(Dataset entries)
+ + + + +

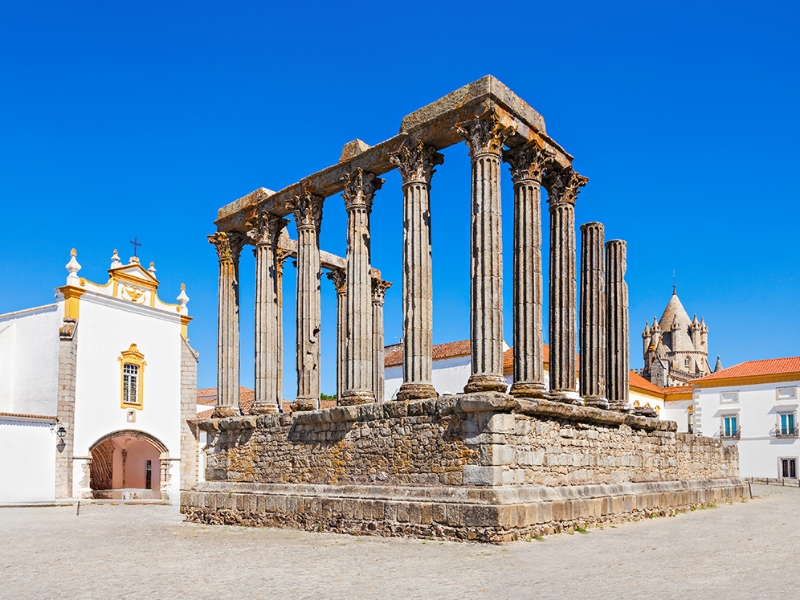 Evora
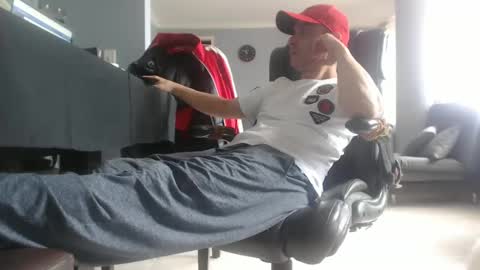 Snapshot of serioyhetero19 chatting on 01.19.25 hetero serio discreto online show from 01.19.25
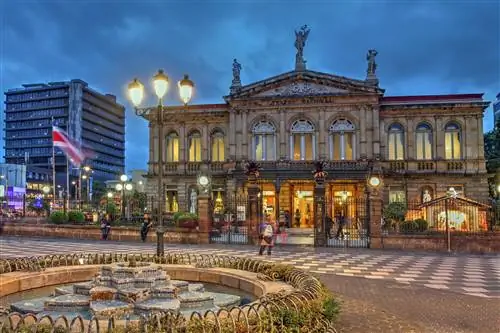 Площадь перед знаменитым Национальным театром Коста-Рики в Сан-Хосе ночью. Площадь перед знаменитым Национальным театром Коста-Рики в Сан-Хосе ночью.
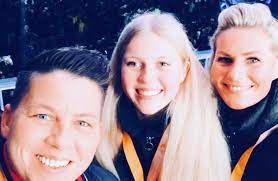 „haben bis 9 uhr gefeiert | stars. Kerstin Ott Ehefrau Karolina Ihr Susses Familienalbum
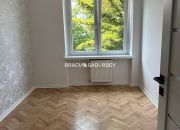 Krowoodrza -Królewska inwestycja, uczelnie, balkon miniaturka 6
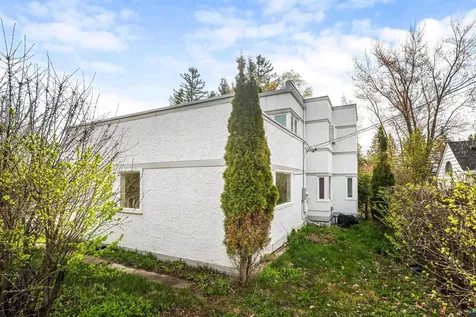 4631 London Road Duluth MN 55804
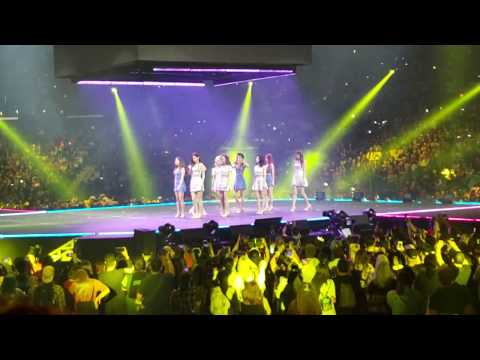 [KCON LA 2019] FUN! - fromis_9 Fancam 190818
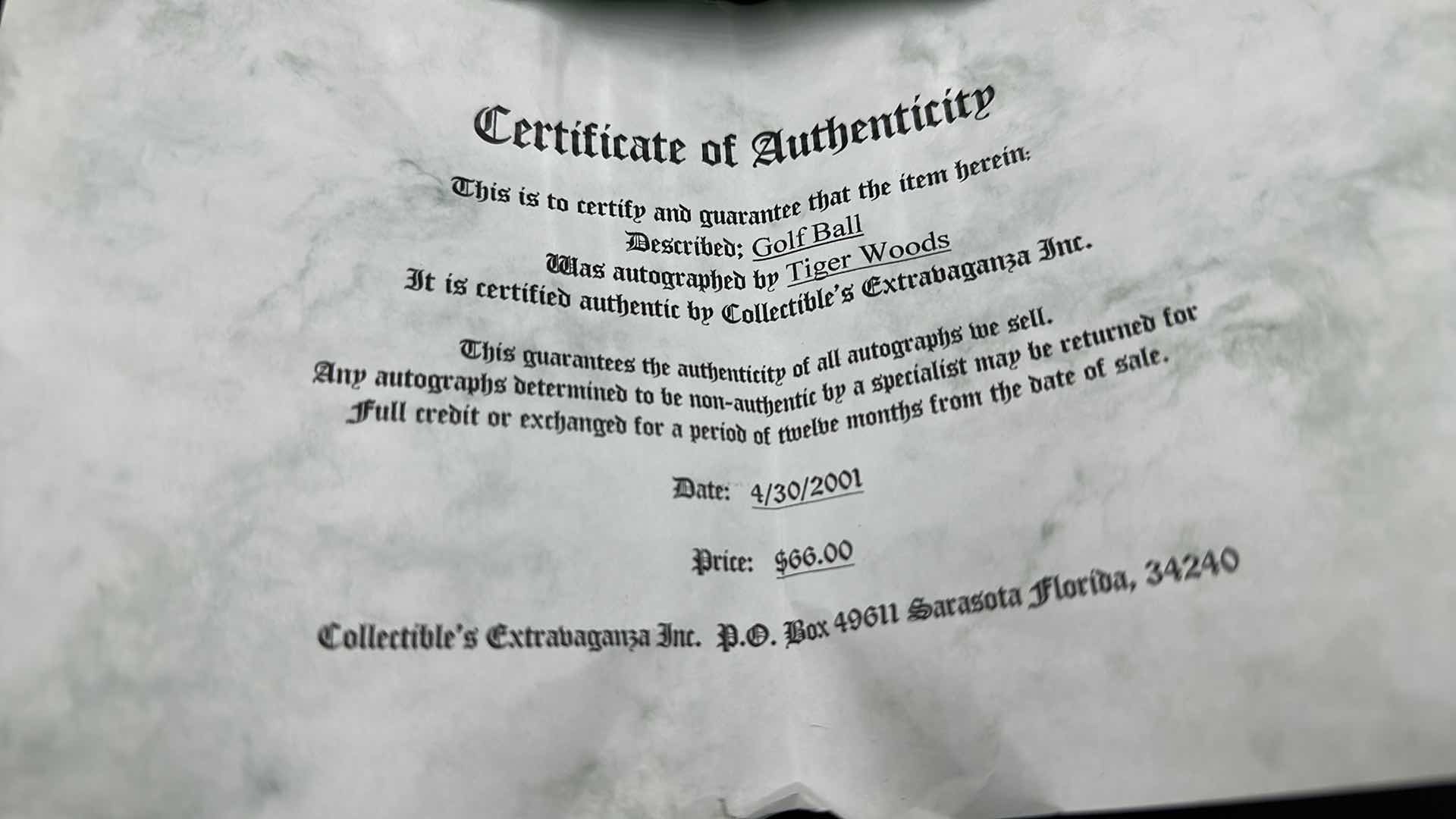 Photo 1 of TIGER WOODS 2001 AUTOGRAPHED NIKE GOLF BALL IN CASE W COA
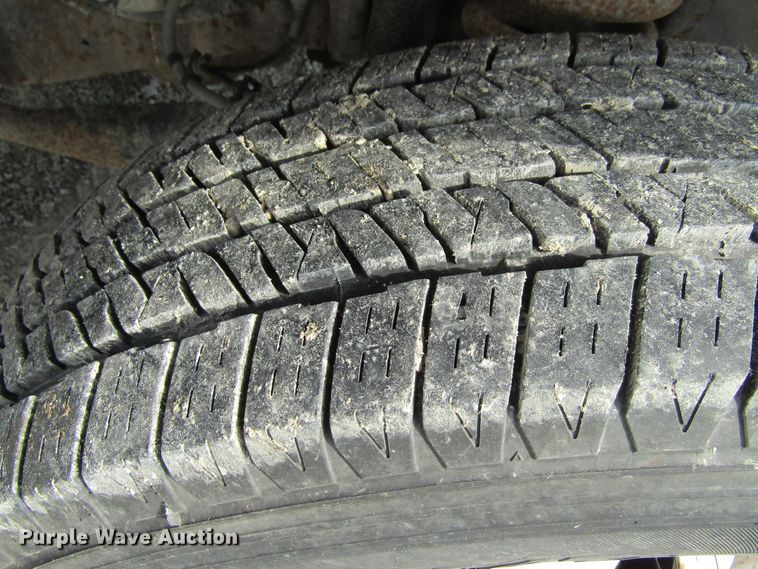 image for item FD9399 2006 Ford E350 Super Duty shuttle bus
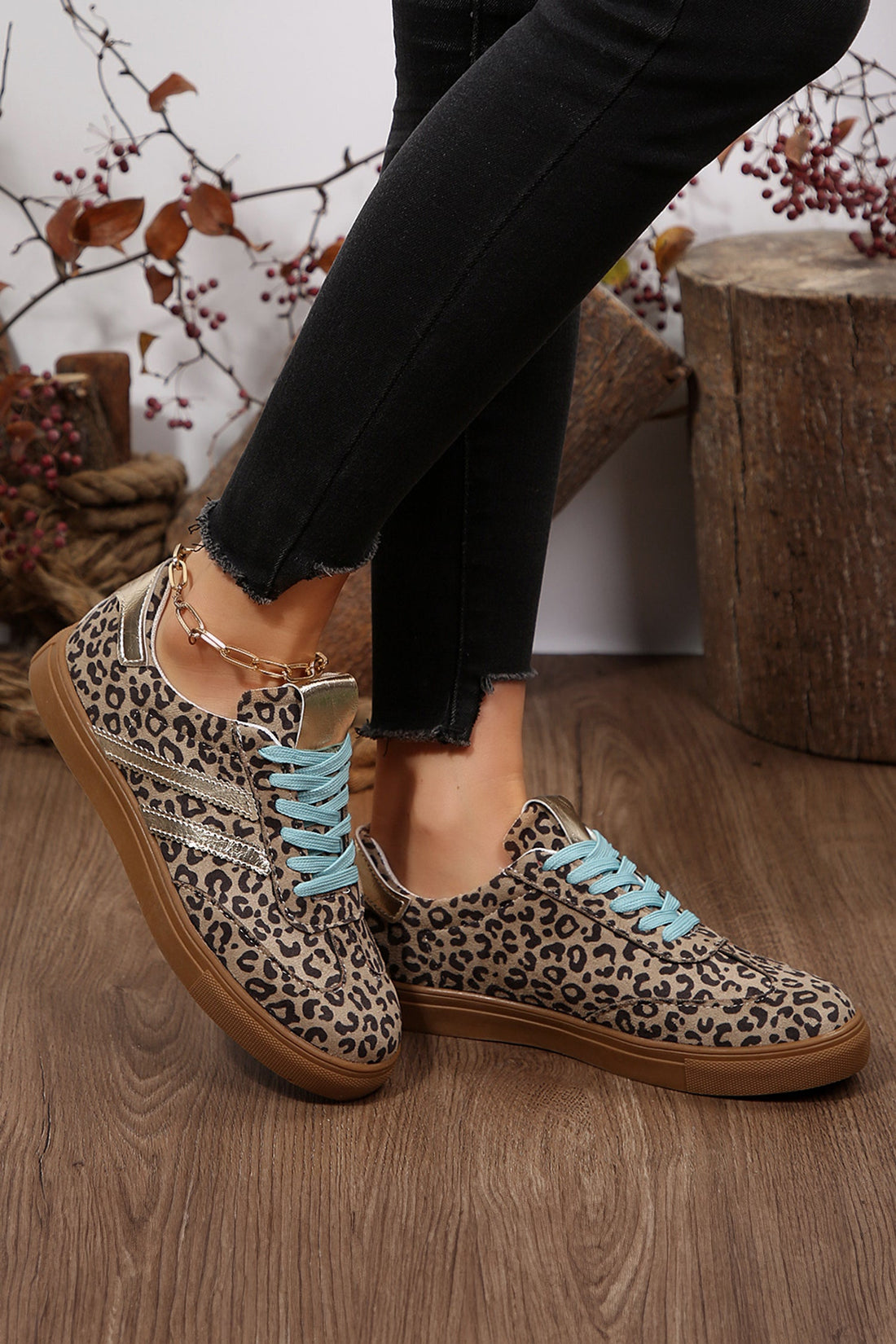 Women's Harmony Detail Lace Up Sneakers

+ + + + +

ABOUT THIS TASK: Omit the pictures; print the records above exactly.

TASK RESULT:
 Evora
 Snapshot of serioyhetero19 chatting on 01.19.25 hetero serio discreto online show from 01.19.25
 Площадь перед знаменитым Национальным театром Коста-Рики в Сан-Хосе ночью. Площадь перед знаменитым Национальным театром Коста-Рики в Сан-Хосе ночью.
 „haben bis 9 uhr gefeiert | stars. Kerstin Ott Ehefrau Karolina Ihr Susses Familienalbum
 Krowoodrza -Królewska inwestycja, uczelnie, balkon miniaturka 6
 4631 London Road Duluth MN 55804
 [KCON LA 2019] FUN! - fromis_9 Fancam 190818
 Photo 1 of TIGER WOODS 2001 AUTOGRAPHED NIKE GOLF BALL IN CASE W COA
 image for item FD9399 2006 Ford E350 Super Duty shuttle bus
 Women's Harmony Detail Lace Up Sneakers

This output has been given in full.